▶ **Provided material**:
###

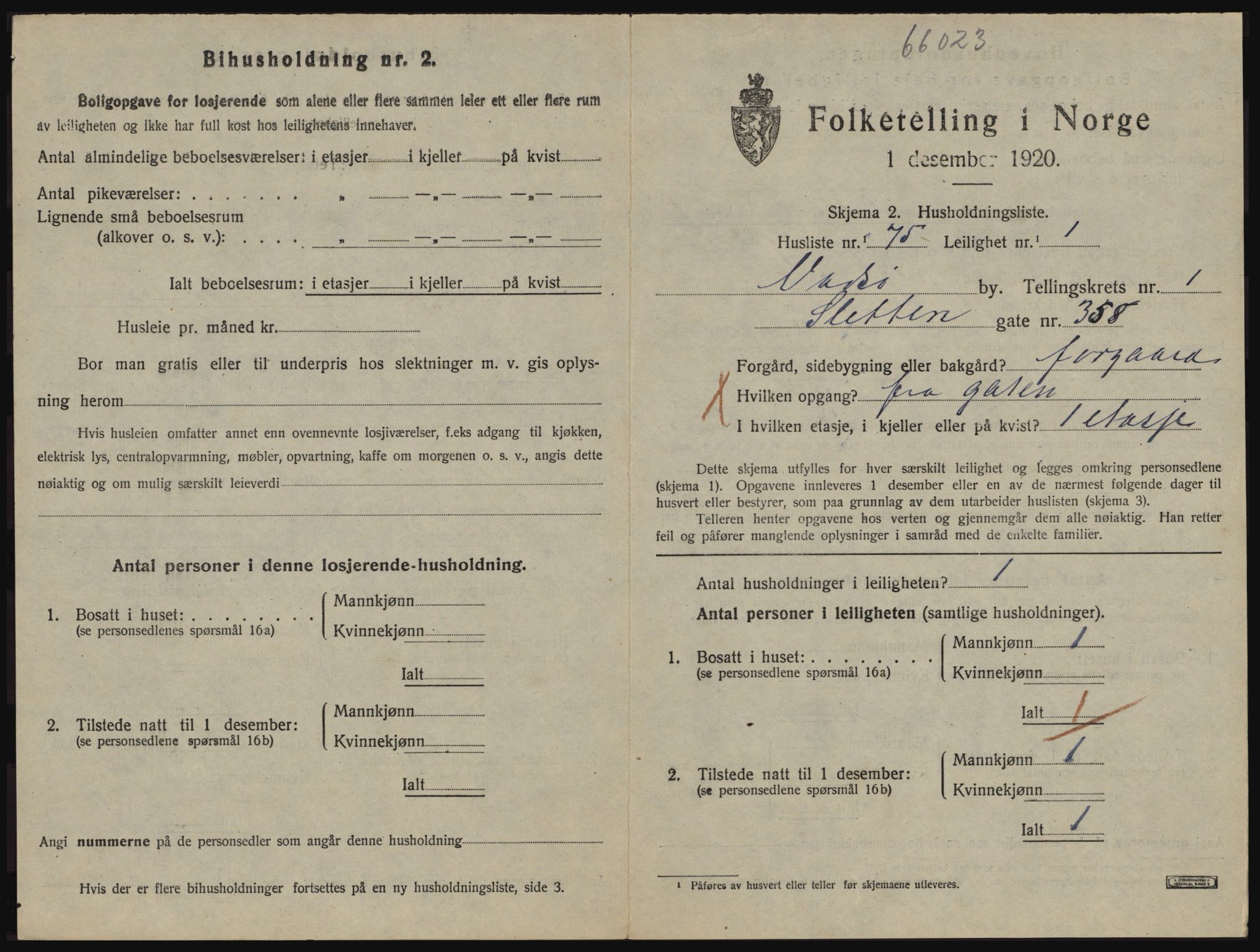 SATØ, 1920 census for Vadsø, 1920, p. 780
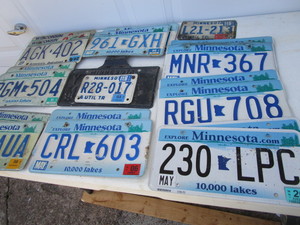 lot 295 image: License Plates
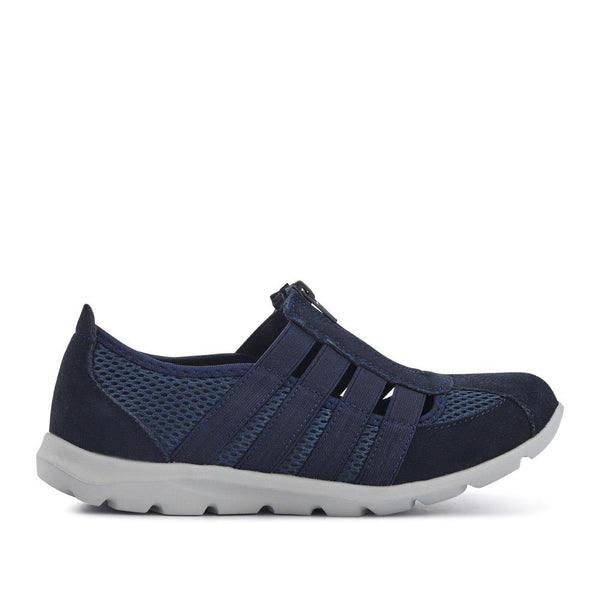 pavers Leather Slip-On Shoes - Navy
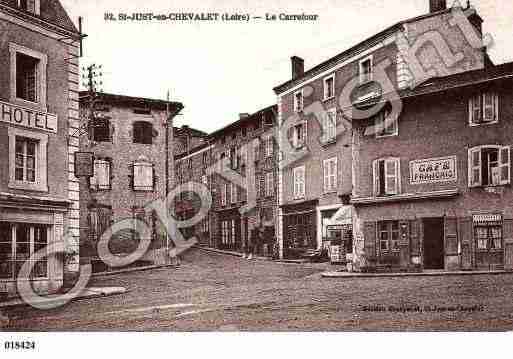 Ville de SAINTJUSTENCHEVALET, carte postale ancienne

###

Quote the preceding listing precisely and completely, omitting its images.

 SATØ, 1920 census for Vadsø, 1920, p. 780
 lot 295 image: License Plates
 pavers Leather Slip-On Shoes - Navy
 Ville de SAINTJUSTENCHEVALET, carte postale ancienne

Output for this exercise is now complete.